Proprioceptive synaptic dysfunction is a key feature in mice and humans with spinal muscular atrophy.

Abstract

Spinal muscular atrophy (SMA) is a neurodegenerative disease characterized by a varying degree of severity that is correlated with the reduction of SMN protein levels. Motor neuron degeneration and skeletal muscle atrophy are hallmarks of SMA, but it is unknown whether other mechanisms contribute to the spectrum of clinical phenotypes. Here, through a combination of physiological and morphological studies in mouse models and SMA patients, we identify dysfunction and loss of proprioceptive sensory synapses as key signatures of SMA pathology. We demonstrate that type 3 SMA patients exhibit impaired proprioception and that their proprioceptive synapses are dysfunctional as measured by the neurophysiological test of the Hoffmann reflex.
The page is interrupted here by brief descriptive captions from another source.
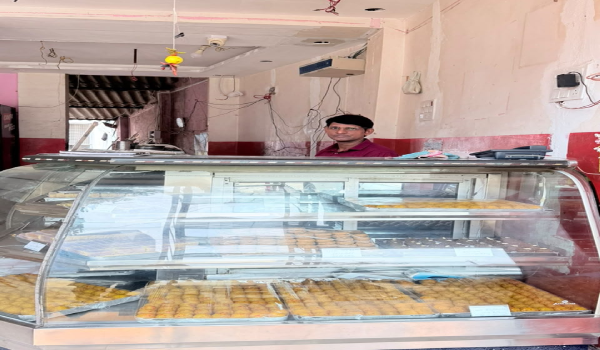 अम्बेडकरनगर में चीनी के दाम 70 रुपये किलो तक पहुंचे, मिठाई भी महंगी
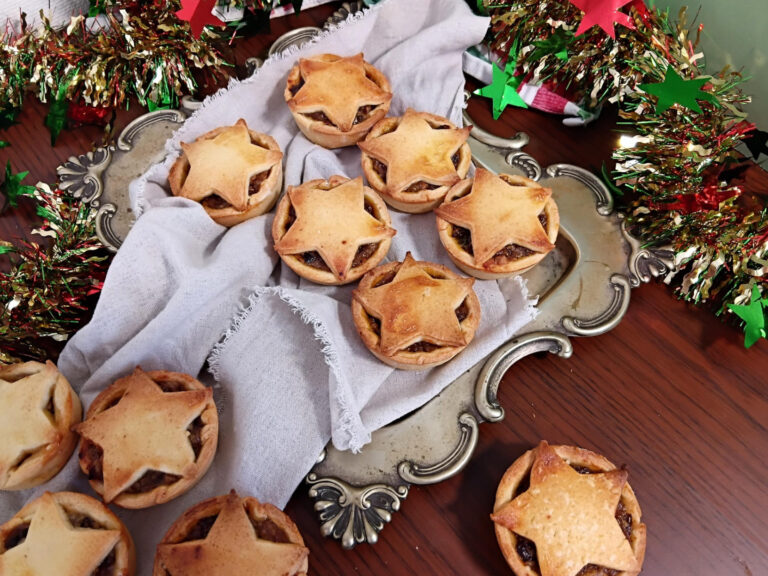 christmas fruit mince pies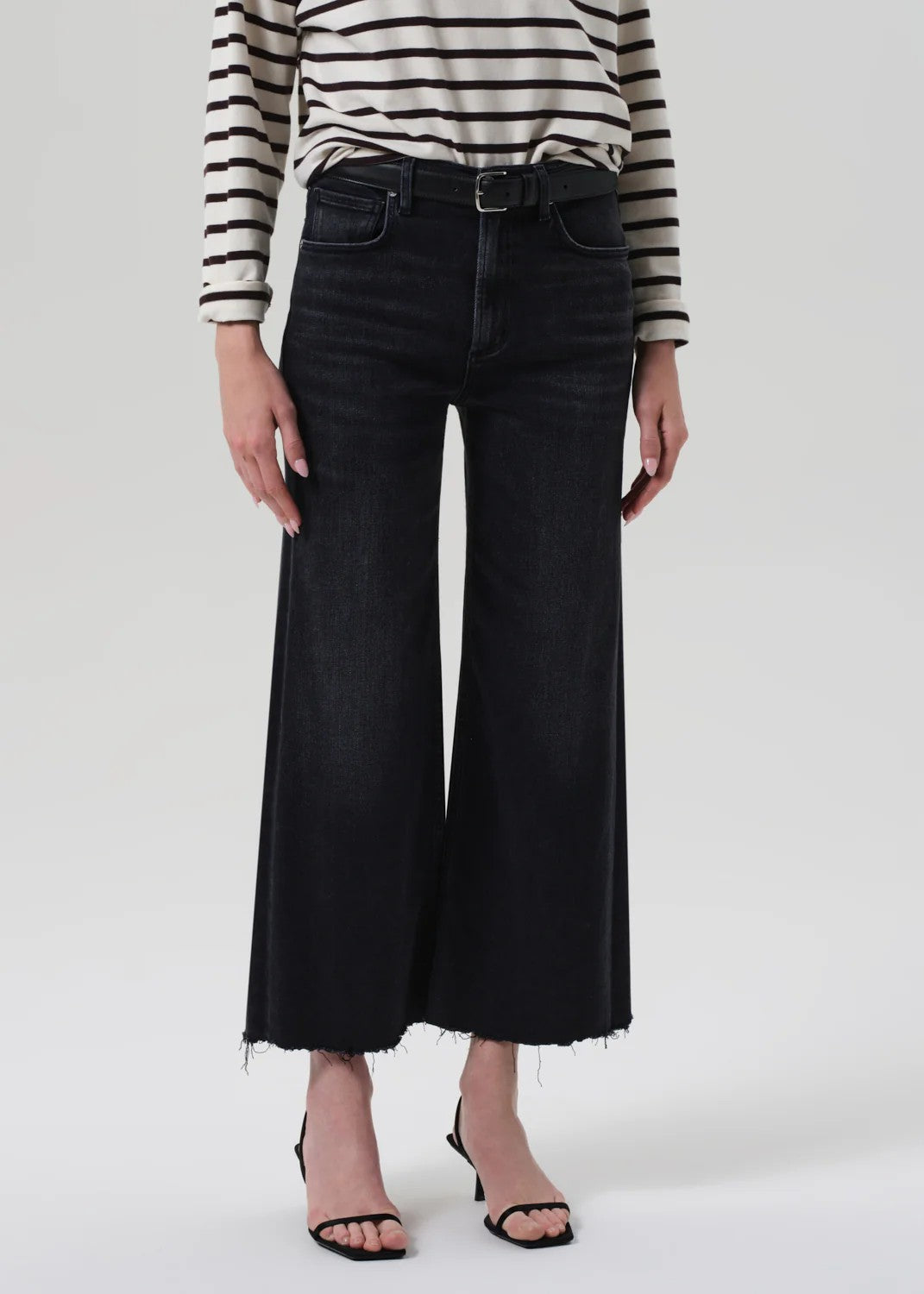 Medallion Wide Leg Crop Lyra Jean
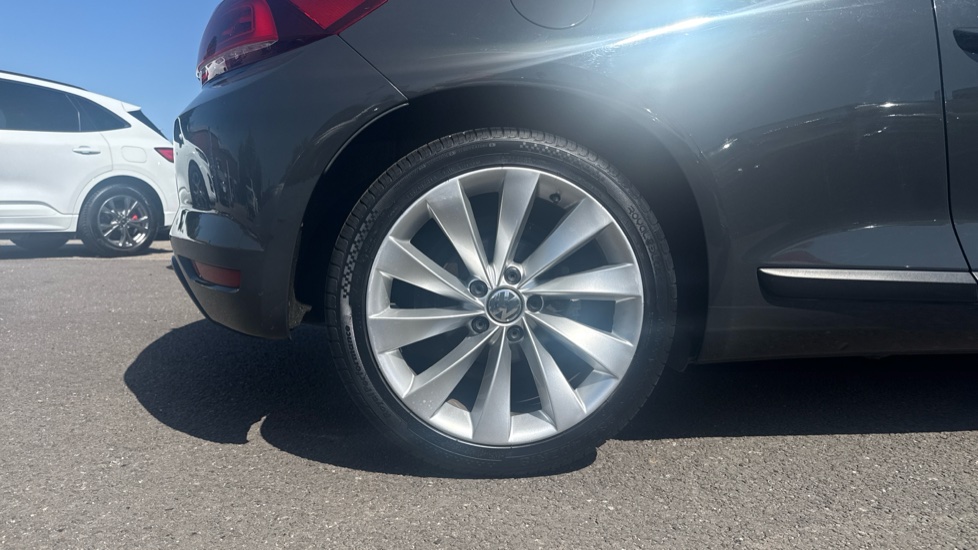 Volkswagen Scirocco 2.0 TSI 180 BlueMotion Tech GT 3dr DSG Petrol Coupe - Image 7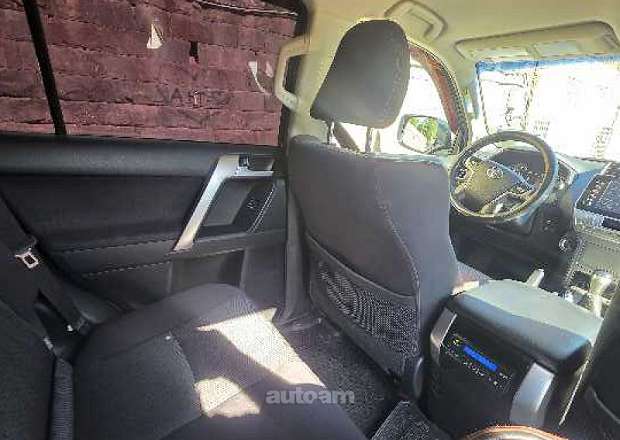 Toyota Land Cruiser Prado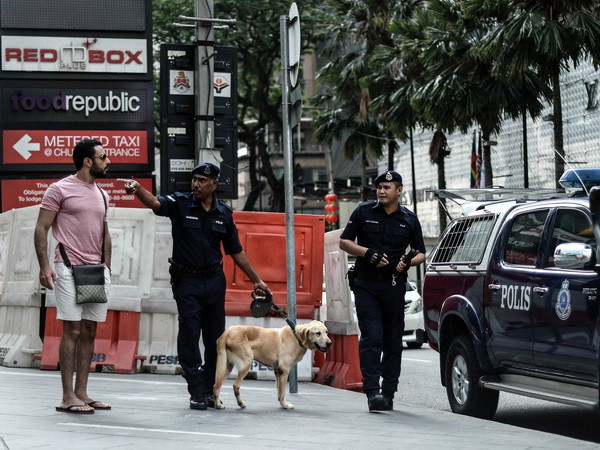 Malaysia bắt giữ 2 đối tượng có quan hệ với tổ chức khủng bố IS ảnh 1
We also show moderate loss of spinal motor neurons along with reduced excitatory afferent synapses and altered potassium channel expression in motor neurons from type 1 SMA patients. These are conserved pathogenic events found in both severely affected patients and mouse models. Lastly, we report that improved motor function and fatigability in ambulatory type 3 SMA patients and mouse models treated with SMN-inducing drugs are correlated with increased function of sensory-motor circuits that can be captured accurately by the Hoffmann reflex assay. Thus, sensory synaptic dysfunction is a clinically relevant event in SMA, and the Hoffmann reflex is a suitable assay to monitor disease progression and treatment efficacy of motor circuit pathology.